We let one agent class write its own retry policy when a tool call failed. It's an obvious productivity win until the agent invents a retry pattern that compounds against a rate-limited downstream service.

The published practitioner consensus this week was clear: retries belong in the agent harness, not in the agent's reasoning loop. The agent should not be the entity deciding when to try again.

Our fix is to replace the self-retry behavior with a queued reissue: the harness owns the policy, the agent owns the request. About a day's work, including writing the test cases. Most of the time was migrating the existing retry-policy state out of the prompt and into config.

Gap 5: blast radius is named in our spec, but not in our review template

Anthropic's Deputy CISO ran a webinar Monday framing agent governance around "specific actions, scopes, and blast radii." That phrase is going to be the lingua franca of agent risk for at least the next 12 months.

We use blast radius informally in our deployment specs. We do not have a column for it in our review template. So the conversation we want to have (what's the worst this agent can do before someone catches it?) sometimes doesn't happen because the document doesn't prompt it.

The fix is a column. Each agent's row gets: "Blast radius at maximum scope, if every guardrail fails." One sentence. The act of writing the sentence is the audit.

What I'm shipping by Friday

The per-action cost wrapper, with one ceiling per agent class, tunable in config.
One credential per logical agent. Audit log change merges with it.
A new section in the deployment doc template: Production-Floor Reading.
The retry policy migrated from the prompt into the harness.
A blast radius column on the review template, populated retroactively for every active agent.

None of these are large. The total work is something like 3-4 engineer-days across the team. The reason I wasn't doing them last week is not that they were hard. It's that I didn't have the second reader yet. The internal reader was satisfied. Without the production floor, none of these gaps surfaced as gaps.

That's the part worth saying out loud. The second reader is what made the gaps visible. The work was always small. The doc was the bottleneck, and the doc didn't know it was the bottleneck.
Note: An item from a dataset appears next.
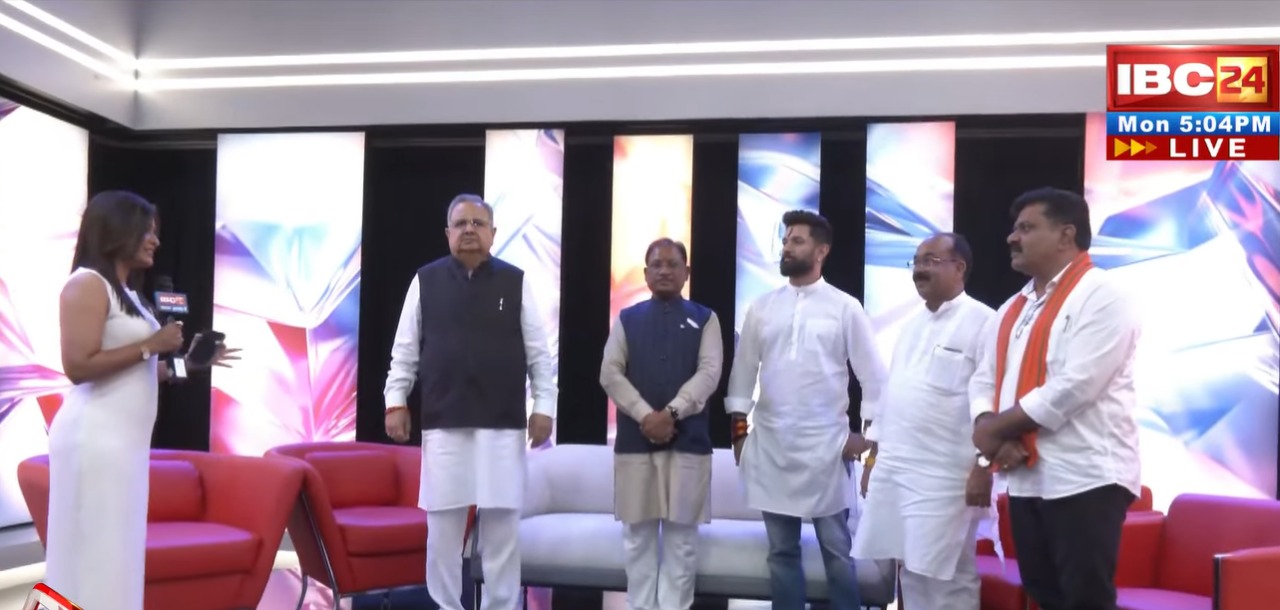 सभी मुख्य अतिथि और विशिष्ट अतिथियों की आगवानी गोयल ग्रुप के चेयरमैन सुरेश गोयल द्वारा की गई।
What I'd ask if you ship agents

If you ran the same 45-minute exercise on your deployment doc this afternoon, which gap would you find first - cost ceiling, credential scope, retries, blast radius, or the review template itself?

I'm collecting answers through Friday. The Day 2 Interrupt content will sharpen the production-floor reading, and I'd rather refine the template against five teams' gap rows than against my own.

Tags: projectmanagement, ai, agents, productivity, discuss

Top comments (1)

Mykola Kondratiuk • May 13

honestly the cost-ceiling fix in Gap 1 assumes you can estimate token cost in advance, which breaks the moment your agent loops on a multi-turn tool call with variable input length. our wrapper double-counts on those paths and i don't have a clean answer yet - curious how teams handle the variable-length case.